NAEA Propertymark has thrown its weight behind a Competitions and Markets Authority investigation into whether consumer protection law has been broken in the sale of some leasehold homes.
On Friday we reported that the CMA was probing four specific housebuilders and a series of other unnamed companies following the discovery of what it calls “troubling evidence of potentially unfair terms concerning ground rents in leasehold contracts and potential mis-selling.”
Mark Hayward, the NAEA chief executive, says: “It’s promising to see the CMA is taking enforcement action against four house builders on the grounds of mis-selling and unfair contract terms in relation to leasehold homes … for too long house builders and developers have not been transparent enough about what it means to buy a leasehold property, leaving many in financial difficulty as they have become trapped in confusing contracts with their freeholder.”
Last year a Propertymark report into the issue revealed that 62 per cent of leasehold property owners felt they were mis-sold and a further 93 per cent wouldn’t buy another leasehold property.
The CMA investigation has no time limit and the authority says likely penalties - if wrongdoing is found - include legal commitments from the companies to change the way they do business, or if necessary, the authority could take firms to court.

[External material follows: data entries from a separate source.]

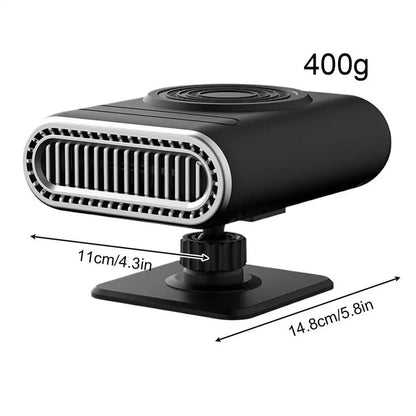 🎁12V Portable Car Heater &amp; 360° Rotatable Window Defroster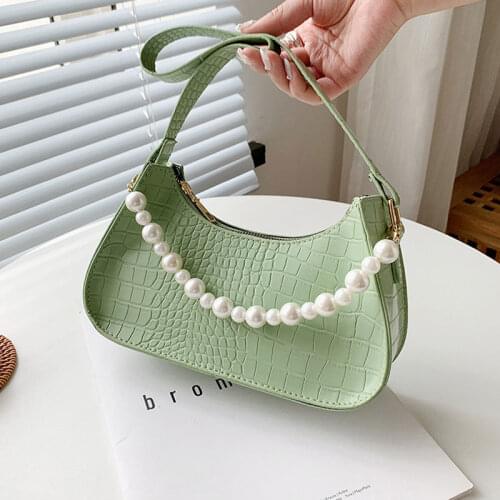 Summer Fashion Solid Color Handbags For Women Designer Pu Leather Shoulder Bag Animal Prints Retro Trending Ladies Crossbody Bag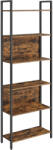 VASAGLE Biblioteca VASAGLE cu 6 rafturi, stil industrial, maro rustic si negru (EZ-LLS113B01) Biblioteca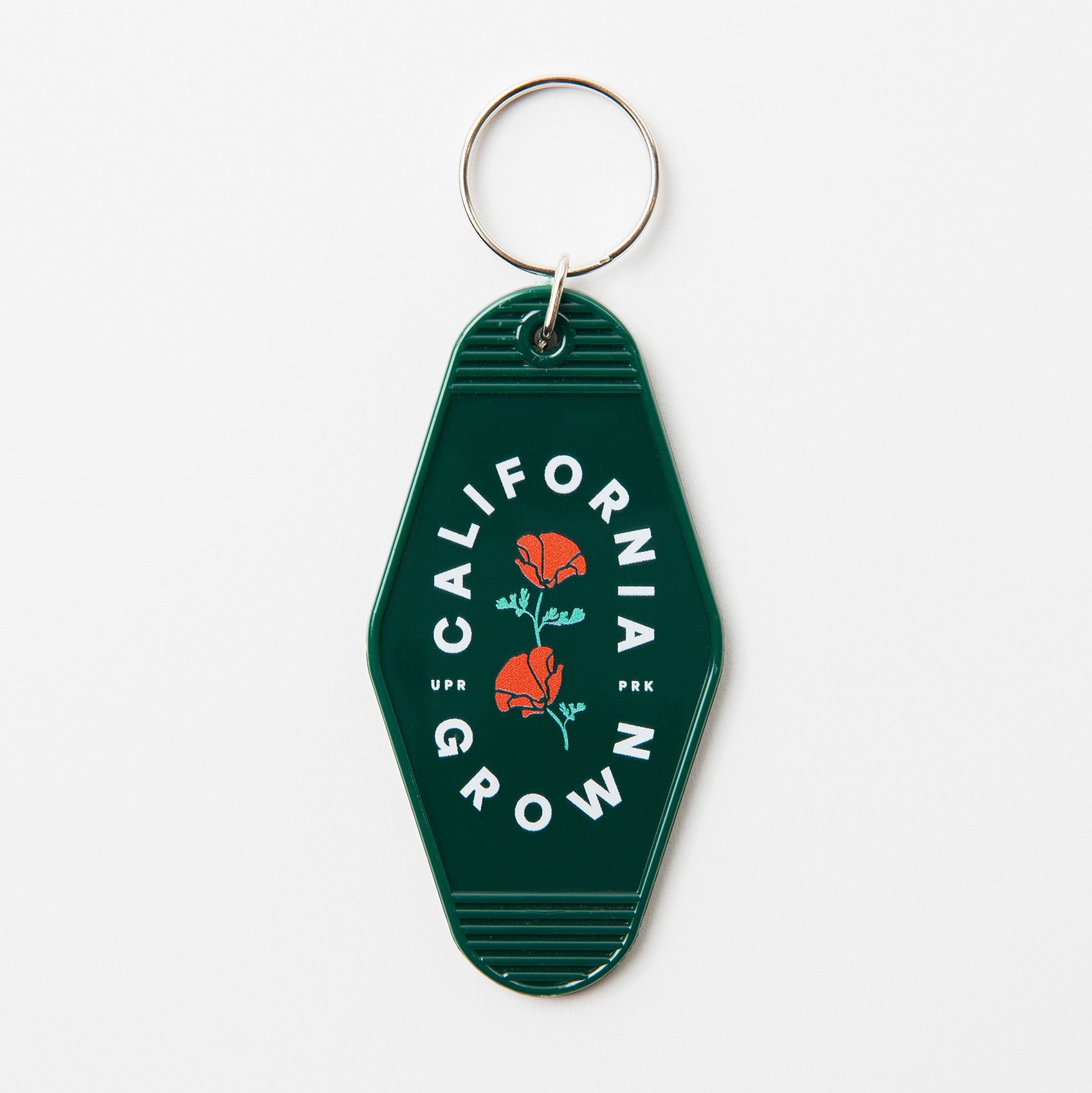California Grown Vintage Style Hotel Keychain - Upper Park Clothing - Chico, CA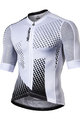 MONTON Tricou de ciclism cu mânecă scurtă - ILLUMINATION - negru/alb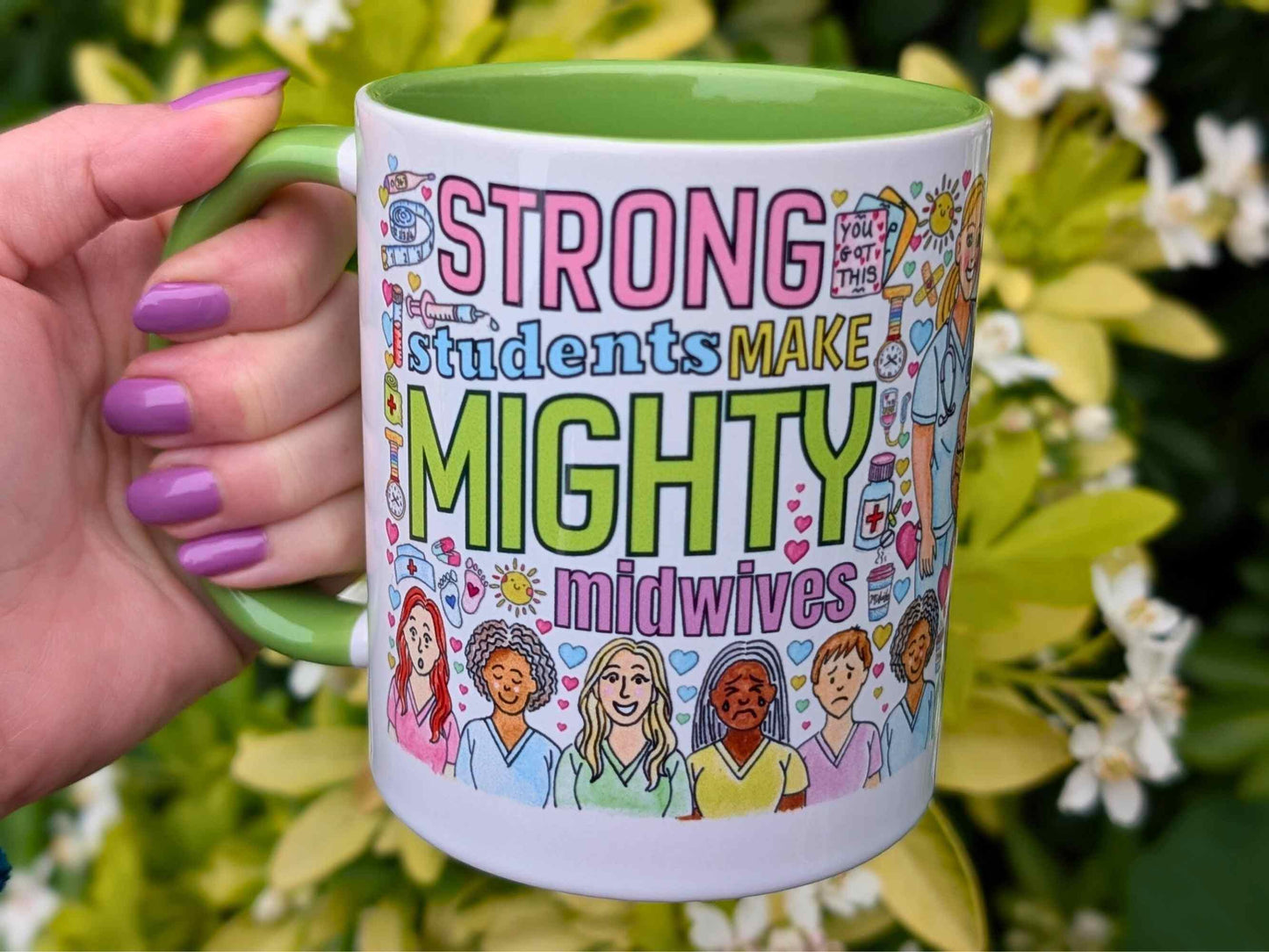 Student Midwife Mug: Strong Students Make Mighty Midwives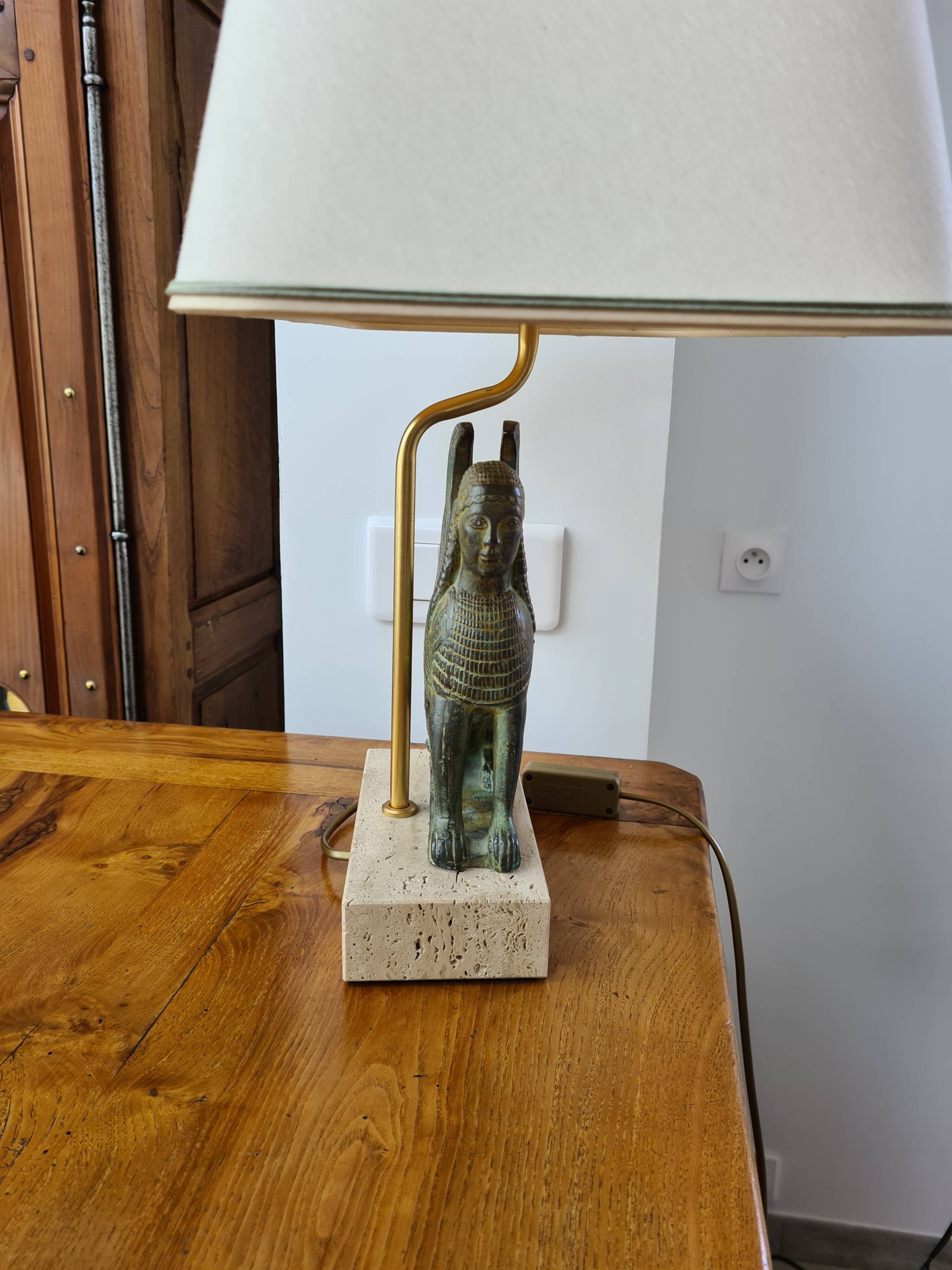 Sphynx lamp Le Dauphin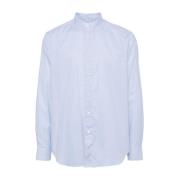 Blauw Gestreept Katoenen Overhemd Klassieke Kraag PS By Paul Smith , B...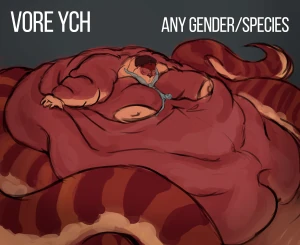 snack for a serpent // VORE YCH AUCTION [OPEN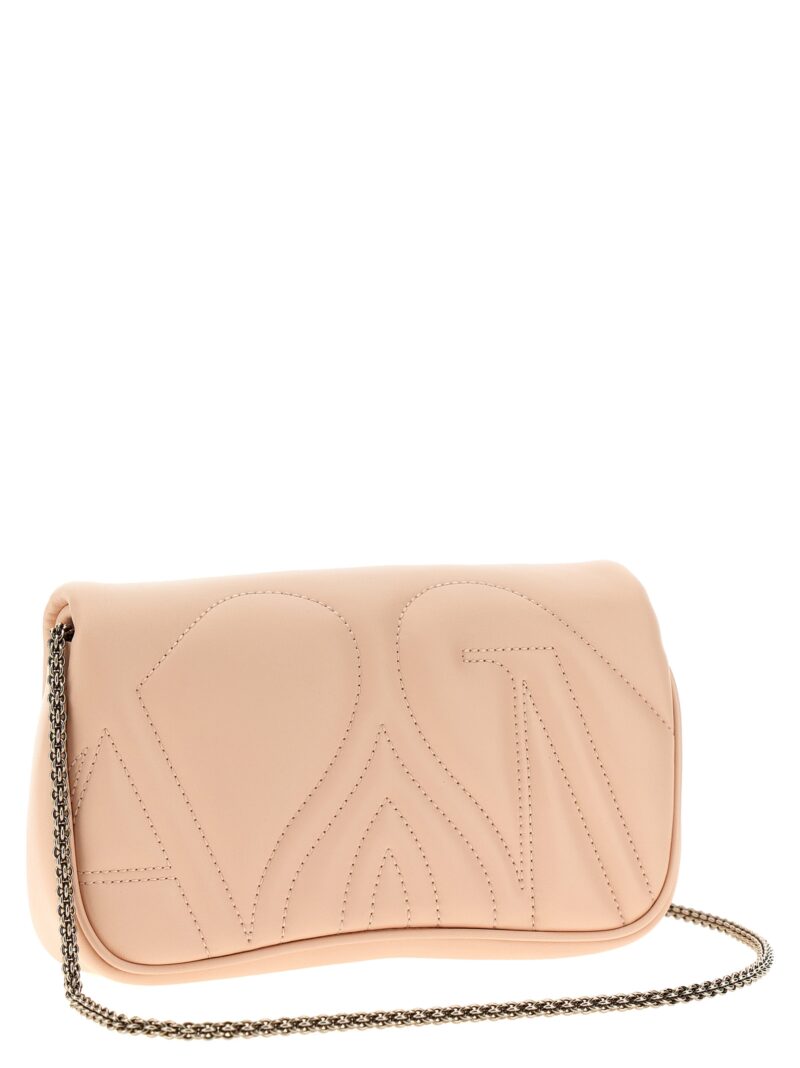 'The mini seal' crossbody bag 7770111BLE25704 ALEXANDER MCQUEEN Beige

Housing Secretary Robert Jenrick tweeted over the weekend: “Shameful practices of this kind have no place in our housing market and we are going to put an end to them.
“The government asked the CMA to conduct this investigation and I strongly welcome the action to tackle mis-selling in the leasehold sector and want to see homeowners who have been affected by crippling ground rents swiftly obtain the justice and redress they deserve.
"Developers and freeholders must rectify the problems and ensure these disgraceful practices never happen again. We will be introducing legislation to restrict ground rents in new leases to zero and outlaw new leasehold houses.
“We are also considering the important work of the Law Commission on wider reforms to leasehold such as enfranchisement rights and will be responding in due course.”